He’s moved out – now what?
“He’s moved out – now what?” That’s a question that many women face. Often they decide just to do nothing, at least for the time being.
If the earnings are enough to support both spouses’ households, weeks of living separately may stretch into months and then drag into years, with no resolution in sight.
What’s the harm in that? Nothing, if you and your spouse have negotiated a legal agreement that specifies financial arrangements. Without such an agreement, though, you may be facing some financial perils.
1. You may not have control over your marital assets.
If you are living apart, and your spouse is handling the finances, you may not know what your spouse is earning, spending, investing, selling or buying. This leaves you out of the loop and out in the cold financially. If he’s running up debt on joint credit cards, guess what? So are you. If he’s sued or lies on your joint tax returns, your assets are at risk. He may be using your time apart to move assets into his name alone, change passwords to joint accounts, spend money on toys such as new cars, motorcycles, electronics and fancy vacations, and stash large amounts of cash.
2. If your spouse’s circumstances change, your property settlement and support could too.
If your spouse’s financial fortunes fall and he loses his job, becomes ill, goes on disability or suffers a business downturn, the alimony and child support you could expect to receive could be significantly impacted. And if you’ve been making do with less, your spouse can argue that you obviously don’t need as much to live on as you did while you and he were together. Even if you are getting enough to run your household, it is likely that you aren’t putting money away for your own future. So while he is socking funds into retirement accounts for his own future, you may be falling behind financially as the years pass.
3. You could end up getting divorced in another state.
Laws governing divorce vary significantly from one state to another, and many states lately have been imposing limitations on the amount and duration of alimony that judges can award. If your spouse moves to a state which has enacted such laws, once he’s established residency there he can file for divorce. If he does, it is the laws of that state that will govern your property division and support, not the state where you have resided for years.
4. New relationships could change everything.
If you are in a new relationship by the time you get around to negotiating a divorce settlement, that may not sit well you’re your soon-to-be-ex. And if he has a sweetie, she may interfere in the negotiations as an interested party who has his ear. Even worse, he could be funneling income to her or even using her name when starting new successful businesses, thus reducing his income and his corresponding support obligation to his family.
5. Getting on with your divorce means getting on with your life.

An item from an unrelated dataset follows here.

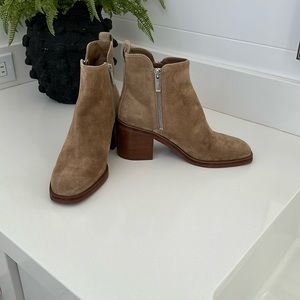 Philip Lim Alexa suede Bootie.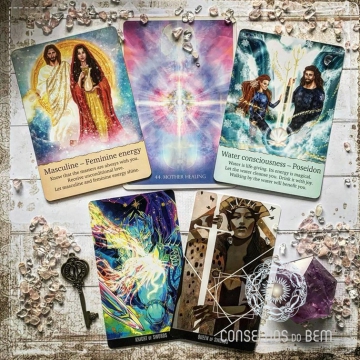 FA�A SUA PERGUNTA + CONSELHO DA ESPIRITUALIDADE - POR AMARILLYS CIGANA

Divorce as an ending, but it is also a new beginning, especially if you’ve been stuck in a deteriorating marriage for years. Most women report being happier and even healthier within a few years of being divorced. Living apart can bring temporary peace to your life, but without a formal written separation agreement you may be cruising toward chaos later. A informal separation without a document detailing the terms of your separation, how you will share marital assets, who is responsible for debt incurred on joint credit cards, and how the earnings and assets acquired during the separation are shared, is an invitation to expensive disputes and litigation later.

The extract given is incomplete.